Ask HN: How would you invest money if you were 25 again? - 25money
I'm trying to learn the best way to invest my money but I can't find much that matches my profile (young, no long term perspective, decent salary, no debt).<p>I don't want to lock it in long term bonds because I want to be free to take it out whenever I want.<p>I don't want to risk all of it in stocks but I want a better yield than the net &#60;2% most of it is making now.<p>It's not much but enought to become pressing to invest (&#60;50k).<p>How would you do it if you were 25 again ?
======
vabmit
I'd invest in a way that didn't consume thousands of hours worth of my time.

I'd do what Mark Cuban recommended people like those found on HN (young
entrepreneurs who want to launch a start-up) do: 6 month term back CD's:

[http://blogmaverick.com/2010/08/20/the-stock-market-is-
still...](http://blogmaverick.com/2010/08/20/the-stock-market-is-still-for-
suckers-and-why-you-should-put-your-money-in-the-bank/)

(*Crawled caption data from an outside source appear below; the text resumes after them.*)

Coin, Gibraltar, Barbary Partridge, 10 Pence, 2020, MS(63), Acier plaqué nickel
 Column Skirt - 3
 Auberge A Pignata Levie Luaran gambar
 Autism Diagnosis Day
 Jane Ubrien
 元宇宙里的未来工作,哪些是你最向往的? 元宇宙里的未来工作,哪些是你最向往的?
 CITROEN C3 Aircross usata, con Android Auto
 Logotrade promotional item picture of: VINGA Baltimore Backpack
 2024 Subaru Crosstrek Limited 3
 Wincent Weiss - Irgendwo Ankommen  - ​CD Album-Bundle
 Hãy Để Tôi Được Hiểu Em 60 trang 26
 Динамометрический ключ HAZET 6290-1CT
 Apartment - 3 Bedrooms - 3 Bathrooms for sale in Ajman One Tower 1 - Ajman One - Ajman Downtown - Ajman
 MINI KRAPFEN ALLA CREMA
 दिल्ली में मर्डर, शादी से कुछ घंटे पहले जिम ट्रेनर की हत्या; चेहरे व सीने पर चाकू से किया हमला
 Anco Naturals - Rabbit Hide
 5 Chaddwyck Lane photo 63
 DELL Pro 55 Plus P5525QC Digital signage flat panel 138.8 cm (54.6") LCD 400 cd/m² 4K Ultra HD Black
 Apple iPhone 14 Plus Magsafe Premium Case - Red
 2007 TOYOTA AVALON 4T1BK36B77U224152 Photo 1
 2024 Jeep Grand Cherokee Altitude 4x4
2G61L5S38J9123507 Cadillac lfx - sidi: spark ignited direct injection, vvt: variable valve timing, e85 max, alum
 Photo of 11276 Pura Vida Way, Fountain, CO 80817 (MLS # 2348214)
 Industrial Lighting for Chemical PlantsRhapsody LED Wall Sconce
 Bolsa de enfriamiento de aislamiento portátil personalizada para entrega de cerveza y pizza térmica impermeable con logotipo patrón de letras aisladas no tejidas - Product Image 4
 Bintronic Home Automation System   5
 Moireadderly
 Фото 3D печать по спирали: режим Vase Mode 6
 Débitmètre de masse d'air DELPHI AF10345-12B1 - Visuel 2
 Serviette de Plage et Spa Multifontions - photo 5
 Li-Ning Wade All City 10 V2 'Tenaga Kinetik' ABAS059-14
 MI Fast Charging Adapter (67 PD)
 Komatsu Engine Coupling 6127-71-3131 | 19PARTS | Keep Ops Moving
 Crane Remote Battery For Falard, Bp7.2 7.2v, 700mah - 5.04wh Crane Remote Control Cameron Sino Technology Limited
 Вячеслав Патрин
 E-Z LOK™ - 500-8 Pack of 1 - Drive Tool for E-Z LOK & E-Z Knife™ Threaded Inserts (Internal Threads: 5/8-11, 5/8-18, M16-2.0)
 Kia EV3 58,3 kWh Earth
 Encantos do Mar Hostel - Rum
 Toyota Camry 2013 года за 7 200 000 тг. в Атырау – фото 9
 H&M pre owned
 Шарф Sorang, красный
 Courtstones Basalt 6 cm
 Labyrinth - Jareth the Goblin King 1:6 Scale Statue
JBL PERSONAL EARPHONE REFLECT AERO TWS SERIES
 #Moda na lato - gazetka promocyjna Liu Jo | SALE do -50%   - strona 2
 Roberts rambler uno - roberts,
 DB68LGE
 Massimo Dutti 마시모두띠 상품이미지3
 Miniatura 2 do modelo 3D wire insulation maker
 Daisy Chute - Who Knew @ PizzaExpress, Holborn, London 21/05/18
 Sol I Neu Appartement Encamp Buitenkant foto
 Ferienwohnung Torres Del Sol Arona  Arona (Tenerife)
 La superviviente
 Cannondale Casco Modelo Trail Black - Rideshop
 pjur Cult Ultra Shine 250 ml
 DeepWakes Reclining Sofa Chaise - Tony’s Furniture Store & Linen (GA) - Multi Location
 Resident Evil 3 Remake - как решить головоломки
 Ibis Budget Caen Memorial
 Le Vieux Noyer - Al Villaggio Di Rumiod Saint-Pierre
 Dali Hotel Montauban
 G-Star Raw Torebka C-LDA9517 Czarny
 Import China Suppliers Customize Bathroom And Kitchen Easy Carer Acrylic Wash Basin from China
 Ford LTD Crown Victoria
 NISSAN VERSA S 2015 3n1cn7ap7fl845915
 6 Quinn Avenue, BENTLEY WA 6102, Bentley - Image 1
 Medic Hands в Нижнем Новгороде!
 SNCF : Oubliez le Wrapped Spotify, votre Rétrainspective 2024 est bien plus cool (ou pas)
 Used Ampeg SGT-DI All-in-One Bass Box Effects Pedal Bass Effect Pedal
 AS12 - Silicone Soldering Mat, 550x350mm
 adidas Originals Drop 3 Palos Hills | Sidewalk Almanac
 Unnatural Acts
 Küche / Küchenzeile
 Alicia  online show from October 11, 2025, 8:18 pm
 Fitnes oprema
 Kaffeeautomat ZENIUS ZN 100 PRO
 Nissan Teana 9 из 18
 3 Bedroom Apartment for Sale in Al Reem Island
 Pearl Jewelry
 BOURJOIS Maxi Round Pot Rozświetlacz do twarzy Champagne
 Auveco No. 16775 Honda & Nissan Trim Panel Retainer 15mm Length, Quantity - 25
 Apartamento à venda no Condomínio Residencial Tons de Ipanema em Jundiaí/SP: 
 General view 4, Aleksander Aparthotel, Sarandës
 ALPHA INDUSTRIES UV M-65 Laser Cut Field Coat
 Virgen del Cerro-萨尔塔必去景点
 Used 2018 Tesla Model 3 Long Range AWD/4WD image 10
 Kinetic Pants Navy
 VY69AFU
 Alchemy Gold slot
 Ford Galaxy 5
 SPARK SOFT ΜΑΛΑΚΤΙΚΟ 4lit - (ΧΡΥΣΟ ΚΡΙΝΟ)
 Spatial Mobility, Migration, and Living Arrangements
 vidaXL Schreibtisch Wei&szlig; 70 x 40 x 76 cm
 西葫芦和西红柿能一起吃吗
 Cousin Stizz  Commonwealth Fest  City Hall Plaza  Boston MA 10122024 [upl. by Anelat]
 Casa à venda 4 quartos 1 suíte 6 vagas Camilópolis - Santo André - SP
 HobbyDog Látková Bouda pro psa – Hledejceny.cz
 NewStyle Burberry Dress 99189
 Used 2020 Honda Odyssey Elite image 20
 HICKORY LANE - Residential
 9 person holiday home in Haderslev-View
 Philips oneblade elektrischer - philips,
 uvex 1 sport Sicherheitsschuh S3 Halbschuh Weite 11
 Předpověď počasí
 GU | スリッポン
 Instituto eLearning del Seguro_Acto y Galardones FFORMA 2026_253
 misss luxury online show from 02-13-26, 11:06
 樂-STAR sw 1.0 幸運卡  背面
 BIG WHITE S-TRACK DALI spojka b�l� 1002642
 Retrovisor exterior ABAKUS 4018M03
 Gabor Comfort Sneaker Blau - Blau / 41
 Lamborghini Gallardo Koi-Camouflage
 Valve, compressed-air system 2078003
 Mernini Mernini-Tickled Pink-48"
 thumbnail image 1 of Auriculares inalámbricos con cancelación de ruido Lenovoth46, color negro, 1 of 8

When I was in my early 20's the president of a start-up I was working for
(whom was a former professional stock trader) essentially gave me the same
great advice Mark Cuban gave everyone. He told me to not focus on investing in
the stock market because the amount of time I'd need to invest to do well
would never yield as good of a return as I could get from investing that time
instead on my computing and start-up related skills. He advised me to stick to
what I was good at (computers) rather than trying to take on essentially a
second job and build a second career in trading.

Looking back, I'm 100% sure he was absolutely right. In the last ten years,
I've spent thousands and thousands of hours reading books on the investing,
reading financial news, watching Bloomberg and CNBC programs, doing research
on companies, developing and testing trading strategies, doing simulated
trading, and trading. From all that time investment, my return was probably
-5%. It was almost flat. That isn't bad considering that the markets have been
so bad over the last 10 years. In fact, it's pretty good. But, had I spent all
those thousands of hours on start-ups I probably would have had at least one
big success by now.

I also would have been a lot less stressed and lived a lot happier life. I
vividly remember the sick feelings I got during the crashes and upon watching
the fallout from unforeseeable things like the bail-outs and the oil super
spike.

Even if I didn't do bank CD's, I could have just bought index funds and done
better with out all the work and wasted time. I think CD's are the way to go.
If you really want stocks, it's index funds.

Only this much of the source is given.